Up until the civil rights movement in the 1950’s and 1960’s, the US South was pretty much like a Nazi concentration camp for blacks, one where beatings, torture, murder, and lynching were the routine rewards meted to those who were perceived or framed to have “stepped out of caste.” Moreover, the South may have lost the Civil War, but it won the peace by exporting its caste system to the North. By the 1950s, the lynchings by cheering mobs of southern men, women, and children that inspired Billie Halliday’s song “Strange Fruit” may have faded from the headlines, but legalized lynchings by the police had become an institution throughout the United States. Police killing and mass incarceration became the main weapons of keeping blacks “in their place.”
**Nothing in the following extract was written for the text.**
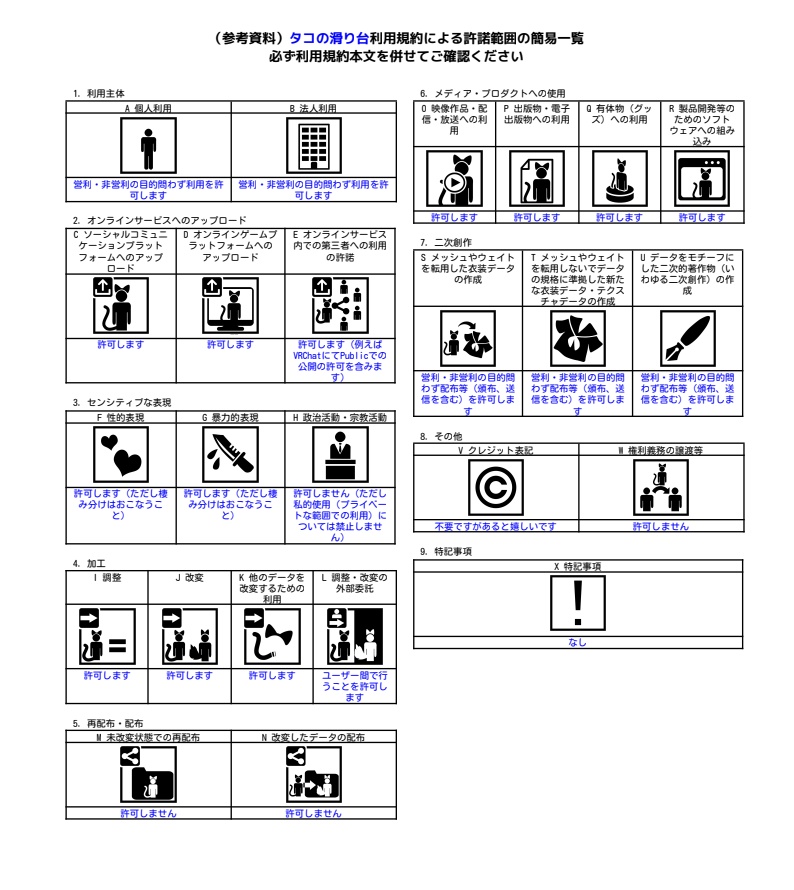 【VRChat想定】タコの滑り台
Whites have been so programmed to their caste behavior towards the dominated caste that much of this gets expressed unconsciously and unreflectively. “No one escapes its tentacles,” she writes. Wilkerson makes the provocative suggestion that the recent rise in deaths among middle-aged white Americans could be related to the sense of existential threat felt at the lower rungs of the dominant caste at the economic and political gains made by blacks in the last few decades, including the election of a black president. They had become psychologically adrift in a society that seemed to be losing its moorings in the inherited caste system.
The election of 2016 that brought the brazenly racist Trump to power was, in her view, a major step forward in a caste counterrevolution that has been mobilized by the sense of impending doom represented by 2042, when the Bureau of Census projects that whites will become a minority. As the US moves towards that date, one historian tells her, “the real question would be, given the choice between democracy and whiteness, how many people would choose whiteness?”
Indeed, Wilkerson makes her case for the overwhelming power of caste so effectively that this undercuts her desperate hope expressed at the end of this profoundly disconcerting book, that more people from the dominant cast would be “awakened” to empathy and compassion and escape the “tentacles of caste.” As with climate change, America is running out of time to head off a violent racial upheaval; indeed, this may even take place before the climate cataclysm.